Jasmine M. Ellis
audio Journalist, archival researcher and public historian
Jasmine M. Ellis is an award-winning audio journalist, archival researcher, and public historian. Most recently, she graduated with her second master’s in history, concentrating on public history and African American women’s history from Howard University. Jasmine’s intellectual interests include Black women’s experiences and contributions during the Civil Rights Movement and the Black Power Movement. She is also interested in Black women’s use of media as a form of resistance and activism.

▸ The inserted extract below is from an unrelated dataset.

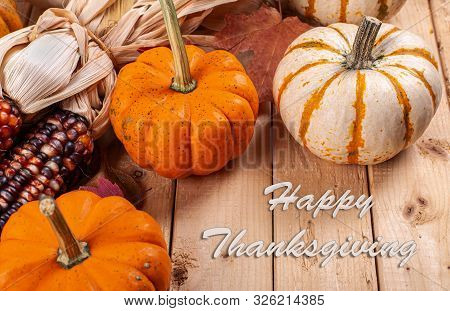 Happy Thanksgiving Text With A Group Of Mini Pumpkins And Indian Corn On A Rustic Wooden Table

Prior to attending Howard, Jasmine was an associate producer at Slate Podcasts. In this role, she worked on several shows, including as an archival researcher for the award-winning podcast, Slow Burn: The L.A. Riots. Jasmine has a background in public radio, having reported and produced stories for Mississippi Public Broadcasting in Jackson and WHYY in Philadelphia. She also worked as the podcast specialist for The Atlanta Journal-Constitution. While at the publication, she produced the Access Atlanta: Things to do in Atlanta podcast and hosted a dispatch from Stacey Abrams’ election night watch party for the Politically Georgia podcast.

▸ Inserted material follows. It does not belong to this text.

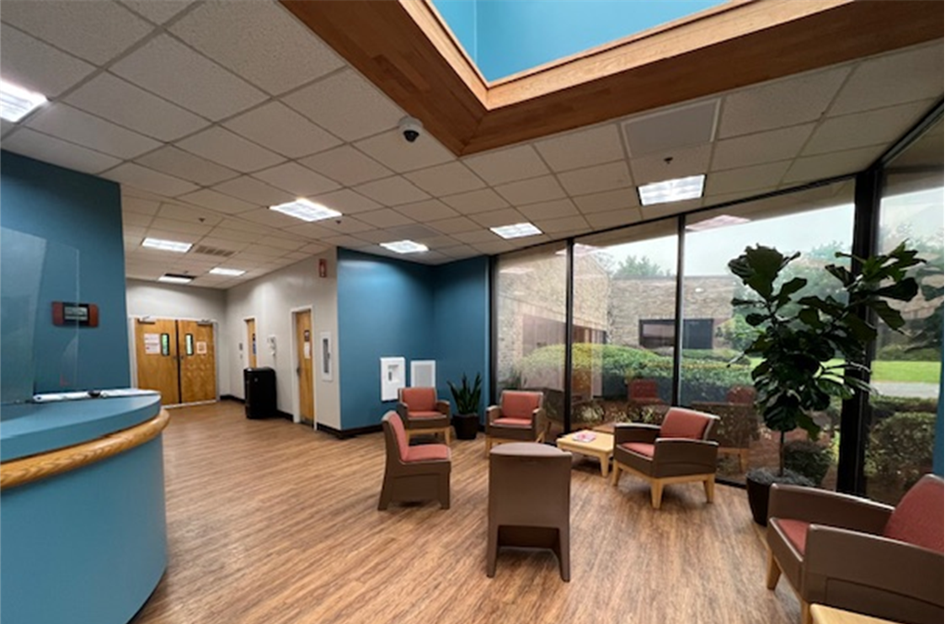 Bright waiting area with seating and large windows
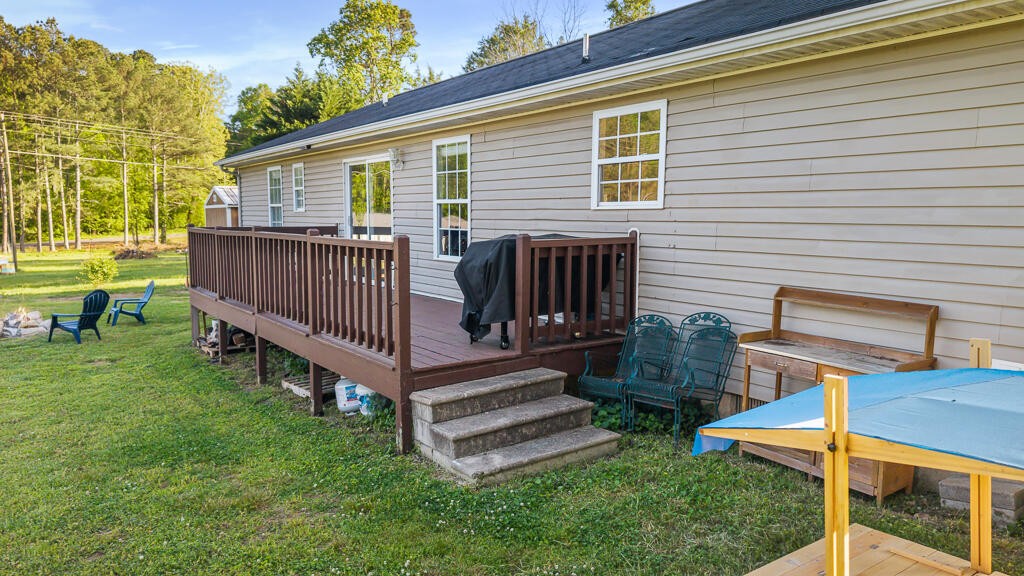 2850 Lower River Road Northwest Georgetown, TN 37336 - Photo 27 of 38 a view of a house with backyard and a garden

Jasmine’s an alumna of Spelman College and Northwestern University’s Medill School of Journalism, a 2022 IWMF Lauren Brown Fellow, a 2021 IWMF Women to Watch Round-Up selectee, a 2020 IWMF Gwen Ifill Fellow, a 2019 AIR New Voices Scholar, and a 2016 White House Correspondents' Association scholarship recipient. She is a member of the National Association of Black Journalists, the Association of Black Women Historians, the Association for the Study of African American Life and History, and the Phi Beta Kappa, Phi Alpha Theta, and Pi Sigma Alpha honor societies.